I. Agile Thinking - In order for us to understand the benefits of Scrum and the nuances behind its framework, we begin with the history of agile methods and how relatively new thoughts in software development have brought us to Scrum.
a. How manufacturing has influenced software development
b. The origins of agile thinking
c. The Agile Manifesto
d. The complexity of projects
e. Theoretical Vs. Empirical processes overview
f. The "Iron Triangle" of Project Management
Exercise: The "Art of the Possible." This is an opportunity to understand how small changes in behavior can have a large impact on productivity. This also turns our thinking towards new ideas and a willingness to change for the better.
Exercise: The Ball Point Game", courtesy of Boris Gloger. Project simulation is designed to expose different agile concepts in practice, allowing participants to experience work in an iterative, self-managed environment.
II. The Scrum Framework - Here we'll ensure that we're all working from the same foundational concepts that make up the Scrum Framework.
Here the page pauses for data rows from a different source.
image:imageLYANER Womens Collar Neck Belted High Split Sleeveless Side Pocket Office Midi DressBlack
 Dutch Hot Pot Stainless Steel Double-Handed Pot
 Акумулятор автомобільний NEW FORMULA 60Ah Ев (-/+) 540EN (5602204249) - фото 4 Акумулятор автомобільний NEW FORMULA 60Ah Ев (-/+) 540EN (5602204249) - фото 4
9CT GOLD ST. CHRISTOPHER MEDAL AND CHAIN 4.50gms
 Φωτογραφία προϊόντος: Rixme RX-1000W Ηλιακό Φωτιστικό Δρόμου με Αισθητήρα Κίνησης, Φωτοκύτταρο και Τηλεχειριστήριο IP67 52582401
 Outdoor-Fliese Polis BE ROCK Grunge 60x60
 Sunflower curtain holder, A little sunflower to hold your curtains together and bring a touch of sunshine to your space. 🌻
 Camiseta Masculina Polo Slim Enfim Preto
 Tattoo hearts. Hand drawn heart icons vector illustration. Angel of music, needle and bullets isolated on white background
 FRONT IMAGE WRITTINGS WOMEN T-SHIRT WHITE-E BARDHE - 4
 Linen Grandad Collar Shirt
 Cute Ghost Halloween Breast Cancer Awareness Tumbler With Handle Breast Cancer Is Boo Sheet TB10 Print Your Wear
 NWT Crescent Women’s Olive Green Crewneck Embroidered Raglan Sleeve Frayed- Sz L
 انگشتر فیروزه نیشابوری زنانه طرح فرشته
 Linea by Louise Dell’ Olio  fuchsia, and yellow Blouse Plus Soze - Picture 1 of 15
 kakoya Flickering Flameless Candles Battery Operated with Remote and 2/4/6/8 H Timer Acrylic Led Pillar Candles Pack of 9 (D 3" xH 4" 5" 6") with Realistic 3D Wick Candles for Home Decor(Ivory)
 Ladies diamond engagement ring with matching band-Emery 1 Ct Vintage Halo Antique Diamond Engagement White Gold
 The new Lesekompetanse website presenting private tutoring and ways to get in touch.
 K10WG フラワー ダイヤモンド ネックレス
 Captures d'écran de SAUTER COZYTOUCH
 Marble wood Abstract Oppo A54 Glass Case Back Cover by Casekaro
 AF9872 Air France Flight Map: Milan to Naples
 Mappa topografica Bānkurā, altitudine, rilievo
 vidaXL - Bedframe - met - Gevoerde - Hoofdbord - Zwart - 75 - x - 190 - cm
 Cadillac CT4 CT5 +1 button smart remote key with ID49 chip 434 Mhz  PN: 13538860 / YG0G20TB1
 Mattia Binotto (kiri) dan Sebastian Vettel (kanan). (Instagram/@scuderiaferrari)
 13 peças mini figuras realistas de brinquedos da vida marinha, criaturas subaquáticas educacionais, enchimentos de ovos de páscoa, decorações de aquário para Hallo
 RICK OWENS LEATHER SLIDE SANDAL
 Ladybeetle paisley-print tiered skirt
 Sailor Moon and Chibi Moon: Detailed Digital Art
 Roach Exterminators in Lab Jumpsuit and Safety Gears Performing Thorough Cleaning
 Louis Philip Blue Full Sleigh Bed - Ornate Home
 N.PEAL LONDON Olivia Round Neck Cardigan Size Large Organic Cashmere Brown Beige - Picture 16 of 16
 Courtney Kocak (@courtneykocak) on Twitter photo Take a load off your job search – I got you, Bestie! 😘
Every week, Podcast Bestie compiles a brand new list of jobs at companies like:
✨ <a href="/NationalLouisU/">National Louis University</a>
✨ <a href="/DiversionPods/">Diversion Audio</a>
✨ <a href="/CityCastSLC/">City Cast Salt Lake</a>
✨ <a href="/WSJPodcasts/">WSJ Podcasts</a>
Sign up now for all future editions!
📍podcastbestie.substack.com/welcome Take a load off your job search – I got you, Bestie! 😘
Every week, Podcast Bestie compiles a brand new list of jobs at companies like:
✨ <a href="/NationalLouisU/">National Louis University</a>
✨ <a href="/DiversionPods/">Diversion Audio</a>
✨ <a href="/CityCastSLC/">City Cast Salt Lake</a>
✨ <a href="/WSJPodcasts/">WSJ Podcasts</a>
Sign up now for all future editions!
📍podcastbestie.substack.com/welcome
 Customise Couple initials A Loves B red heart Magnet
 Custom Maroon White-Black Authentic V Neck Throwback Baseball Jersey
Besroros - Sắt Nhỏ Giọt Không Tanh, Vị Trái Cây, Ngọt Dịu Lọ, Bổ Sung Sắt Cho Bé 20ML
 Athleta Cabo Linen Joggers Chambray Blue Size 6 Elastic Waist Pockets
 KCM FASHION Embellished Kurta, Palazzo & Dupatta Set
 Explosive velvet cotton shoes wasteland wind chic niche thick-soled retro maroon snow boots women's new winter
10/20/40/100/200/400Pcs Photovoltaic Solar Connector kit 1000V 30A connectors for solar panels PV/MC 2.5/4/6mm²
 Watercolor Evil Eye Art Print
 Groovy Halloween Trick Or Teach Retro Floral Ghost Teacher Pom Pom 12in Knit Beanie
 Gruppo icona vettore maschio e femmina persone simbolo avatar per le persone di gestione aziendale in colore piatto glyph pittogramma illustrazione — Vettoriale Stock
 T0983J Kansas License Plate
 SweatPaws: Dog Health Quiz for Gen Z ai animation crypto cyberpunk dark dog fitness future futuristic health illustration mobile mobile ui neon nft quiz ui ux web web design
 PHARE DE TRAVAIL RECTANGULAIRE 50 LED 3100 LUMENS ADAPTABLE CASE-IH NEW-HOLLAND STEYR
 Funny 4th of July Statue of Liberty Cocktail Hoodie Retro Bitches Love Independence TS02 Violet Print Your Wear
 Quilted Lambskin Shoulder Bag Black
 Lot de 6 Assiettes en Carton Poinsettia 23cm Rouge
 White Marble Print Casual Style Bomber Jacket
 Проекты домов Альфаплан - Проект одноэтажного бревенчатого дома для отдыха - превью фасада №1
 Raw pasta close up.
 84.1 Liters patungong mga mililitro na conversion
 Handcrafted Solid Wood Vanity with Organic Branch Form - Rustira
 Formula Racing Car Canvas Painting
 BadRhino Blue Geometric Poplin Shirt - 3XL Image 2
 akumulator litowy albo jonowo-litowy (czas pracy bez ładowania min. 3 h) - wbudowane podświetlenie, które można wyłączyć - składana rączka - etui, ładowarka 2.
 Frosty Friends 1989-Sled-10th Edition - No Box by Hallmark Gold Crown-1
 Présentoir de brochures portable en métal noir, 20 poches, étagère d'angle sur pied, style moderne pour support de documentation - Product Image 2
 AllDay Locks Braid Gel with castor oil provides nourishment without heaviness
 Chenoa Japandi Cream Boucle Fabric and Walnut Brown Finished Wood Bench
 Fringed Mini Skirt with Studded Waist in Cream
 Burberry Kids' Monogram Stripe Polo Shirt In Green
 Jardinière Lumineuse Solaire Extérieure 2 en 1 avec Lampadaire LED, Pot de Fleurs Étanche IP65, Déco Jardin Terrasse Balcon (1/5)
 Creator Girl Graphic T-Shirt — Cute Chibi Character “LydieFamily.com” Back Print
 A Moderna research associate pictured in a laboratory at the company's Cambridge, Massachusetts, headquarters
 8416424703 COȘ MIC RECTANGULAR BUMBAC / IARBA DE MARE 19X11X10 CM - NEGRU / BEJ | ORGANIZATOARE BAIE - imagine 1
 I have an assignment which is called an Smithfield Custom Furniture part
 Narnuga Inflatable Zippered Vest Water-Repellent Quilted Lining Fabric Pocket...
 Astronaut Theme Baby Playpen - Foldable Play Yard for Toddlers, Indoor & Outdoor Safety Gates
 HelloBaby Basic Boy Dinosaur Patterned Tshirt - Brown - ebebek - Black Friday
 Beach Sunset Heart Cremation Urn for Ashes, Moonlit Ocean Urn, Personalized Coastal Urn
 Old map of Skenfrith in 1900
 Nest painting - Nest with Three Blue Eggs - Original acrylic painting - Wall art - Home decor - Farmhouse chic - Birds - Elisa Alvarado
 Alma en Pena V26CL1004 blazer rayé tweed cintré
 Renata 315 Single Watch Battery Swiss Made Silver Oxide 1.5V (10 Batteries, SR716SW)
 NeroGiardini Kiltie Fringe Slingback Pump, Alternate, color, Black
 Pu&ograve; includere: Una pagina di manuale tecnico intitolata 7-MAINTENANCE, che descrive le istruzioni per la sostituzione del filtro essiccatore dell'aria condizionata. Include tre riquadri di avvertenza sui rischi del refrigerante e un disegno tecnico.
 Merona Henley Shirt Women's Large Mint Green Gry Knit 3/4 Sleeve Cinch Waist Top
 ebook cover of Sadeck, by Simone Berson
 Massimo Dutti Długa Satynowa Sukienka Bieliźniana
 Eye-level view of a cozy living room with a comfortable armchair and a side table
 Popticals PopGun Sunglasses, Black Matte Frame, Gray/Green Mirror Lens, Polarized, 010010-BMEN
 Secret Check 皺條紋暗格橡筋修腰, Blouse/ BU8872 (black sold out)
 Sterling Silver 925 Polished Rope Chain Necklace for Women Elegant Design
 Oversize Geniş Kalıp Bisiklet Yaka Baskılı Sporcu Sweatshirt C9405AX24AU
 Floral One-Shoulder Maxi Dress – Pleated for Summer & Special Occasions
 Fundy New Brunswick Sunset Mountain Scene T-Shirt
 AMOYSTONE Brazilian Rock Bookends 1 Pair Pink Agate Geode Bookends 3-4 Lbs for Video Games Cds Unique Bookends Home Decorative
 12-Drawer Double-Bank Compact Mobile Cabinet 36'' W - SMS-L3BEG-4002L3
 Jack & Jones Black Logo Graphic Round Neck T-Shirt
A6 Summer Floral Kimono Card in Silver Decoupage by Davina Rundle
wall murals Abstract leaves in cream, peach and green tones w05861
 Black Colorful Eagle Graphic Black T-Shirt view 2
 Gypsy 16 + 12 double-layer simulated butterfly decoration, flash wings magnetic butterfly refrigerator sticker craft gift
a. The different Scrum roles
b. Chickens and Pigs
c. Iterative Development vs. Waterfall
d. Self Management concepts
e. Full disclosure and visibility
f. The Scrum Framework Overview
Exercise: The 59-minute Scrum Simulation. This popular exposure to Scrum asks us to work on a short project that lasts for just 59 minutes! We'll actually take more time than that as we walk through all of the key steps under the Scrum framework, work in project teams to deliver a new product.
III. Scrum Roles - Who are the different players in the Scrum game? We'll review checklists of role expectations and discuss some difficult situations that we might encounter.
a. The Team Member
b. The Product Owner
c. The Scrum Master
Exercise: This is a long-running exercise that carries through into our remaining sections that follow where we will discuss and practice various aspects of product and project planning in an agile Scrum environment.
IV. The Product Backlog, Product Visioning, and Progressive Elaboration. The Scrum Team must have an understanding of our Product Vision so they can make good decisions. The Product Backlog is a reflection of that vision, and we'll practice developing its content.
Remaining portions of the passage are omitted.